▼
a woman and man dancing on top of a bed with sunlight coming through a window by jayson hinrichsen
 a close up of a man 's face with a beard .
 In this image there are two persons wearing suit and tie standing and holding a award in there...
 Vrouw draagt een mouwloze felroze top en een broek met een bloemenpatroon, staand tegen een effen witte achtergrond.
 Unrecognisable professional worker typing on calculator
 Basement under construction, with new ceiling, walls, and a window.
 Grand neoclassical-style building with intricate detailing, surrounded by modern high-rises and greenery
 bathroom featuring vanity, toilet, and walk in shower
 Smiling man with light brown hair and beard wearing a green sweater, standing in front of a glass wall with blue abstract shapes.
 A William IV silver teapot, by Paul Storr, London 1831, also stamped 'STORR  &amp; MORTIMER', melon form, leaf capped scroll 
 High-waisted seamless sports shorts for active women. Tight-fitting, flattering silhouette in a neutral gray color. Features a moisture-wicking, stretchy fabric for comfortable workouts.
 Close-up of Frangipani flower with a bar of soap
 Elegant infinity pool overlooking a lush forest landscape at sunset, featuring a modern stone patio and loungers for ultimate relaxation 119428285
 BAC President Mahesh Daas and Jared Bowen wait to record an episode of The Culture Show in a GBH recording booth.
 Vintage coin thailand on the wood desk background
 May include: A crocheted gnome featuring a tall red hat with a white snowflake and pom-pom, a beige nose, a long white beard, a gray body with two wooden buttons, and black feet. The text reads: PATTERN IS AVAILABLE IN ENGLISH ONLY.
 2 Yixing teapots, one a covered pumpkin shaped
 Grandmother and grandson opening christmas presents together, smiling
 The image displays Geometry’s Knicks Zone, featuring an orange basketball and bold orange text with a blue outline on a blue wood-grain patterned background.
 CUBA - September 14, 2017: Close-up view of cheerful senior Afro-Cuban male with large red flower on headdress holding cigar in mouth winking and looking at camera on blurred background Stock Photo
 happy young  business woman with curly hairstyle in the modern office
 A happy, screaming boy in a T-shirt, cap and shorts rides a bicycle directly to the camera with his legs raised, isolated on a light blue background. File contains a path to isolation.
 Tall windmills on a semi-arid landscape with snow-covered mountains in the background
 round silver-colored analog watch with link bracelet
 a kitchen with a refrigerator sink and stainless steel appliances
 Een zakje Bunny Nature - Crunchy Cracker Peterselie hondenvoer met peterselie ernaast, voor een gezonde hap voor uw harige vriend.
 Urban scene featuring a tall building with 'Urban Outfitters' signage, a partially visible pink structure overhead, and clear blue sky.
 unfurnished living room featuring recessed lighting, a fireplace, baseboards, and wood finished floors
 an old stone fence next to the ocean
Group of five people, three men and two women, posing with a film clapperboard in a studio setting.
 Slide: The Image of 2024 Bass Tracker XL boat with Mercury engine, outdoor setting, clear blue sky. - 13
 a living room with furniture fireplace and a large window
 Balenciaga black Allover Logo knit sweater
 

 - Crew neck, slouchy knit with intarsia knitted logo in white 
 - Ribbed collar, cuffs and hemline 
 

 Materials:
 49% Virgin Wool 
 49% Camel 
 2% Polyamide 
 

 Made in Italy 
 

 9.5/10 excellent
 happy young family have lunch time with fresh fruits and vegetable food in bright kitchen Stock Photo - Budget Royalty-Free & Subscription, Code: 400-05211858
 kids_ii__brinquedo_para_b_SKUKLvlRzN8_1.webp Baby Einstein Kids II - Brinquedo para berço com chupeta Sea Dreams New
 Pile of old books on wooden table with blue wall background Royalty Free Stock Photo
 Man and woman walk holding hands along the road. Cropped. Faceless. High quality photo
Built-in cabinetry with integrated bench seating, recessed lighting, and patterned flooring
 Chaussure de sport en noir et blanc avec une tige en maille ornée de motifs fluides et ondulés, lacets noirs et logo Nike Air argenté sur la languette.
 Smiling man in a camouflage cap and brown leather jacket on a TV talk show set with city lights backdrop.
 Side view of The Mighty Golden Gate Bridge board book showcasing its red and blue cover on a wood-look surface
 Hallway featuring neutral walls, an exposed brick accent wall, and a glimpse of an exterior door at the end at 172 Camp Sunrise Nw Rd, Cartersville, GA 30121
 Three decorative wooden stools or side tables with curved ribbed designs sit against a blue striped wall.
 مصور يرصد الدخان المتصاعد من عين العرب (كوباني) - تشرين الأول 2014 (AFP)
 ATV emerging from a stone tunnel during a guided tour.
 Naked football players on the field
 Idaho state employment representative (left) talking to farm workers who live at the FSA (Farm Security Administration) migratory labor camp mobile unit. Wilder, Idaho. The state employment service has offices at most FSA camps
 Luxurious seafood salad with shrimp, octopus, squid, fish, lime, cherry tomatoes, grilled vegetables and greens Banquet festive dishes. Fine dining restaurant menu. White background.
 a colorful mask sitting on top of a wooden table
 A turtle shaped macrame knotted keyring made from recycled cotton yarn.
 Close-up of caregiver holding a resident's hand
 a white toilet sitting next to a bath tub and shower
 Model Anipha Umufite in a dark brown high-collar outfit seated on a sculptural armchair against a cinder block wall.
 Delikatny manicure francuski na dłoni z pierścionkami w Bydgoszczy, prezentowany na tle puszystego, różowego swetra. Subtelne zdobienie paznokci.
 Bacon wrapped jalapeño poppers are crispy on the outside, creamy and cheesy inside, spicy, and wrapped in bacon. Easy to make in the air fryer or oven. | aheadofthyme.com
▲
### Your task
Emit only the final stretch of the records: the line containing "Delikatny manicure francuski" through the end, each line exactly as it stands.

### Answer to this problem
 Delikatny manicure francuski na dłoni z pierścionkami w Bydgoszczy, prezentowany na tle puszystego, różowego swetra. Subtelne zdobienie paznokci.
 Bacon wrapped jalapeño poppers are crispy on the outside, creamy and cheesy inside, spicy, and wrapped in bacon. Easy to make in the air fryer or oven. | aheadofthyme.com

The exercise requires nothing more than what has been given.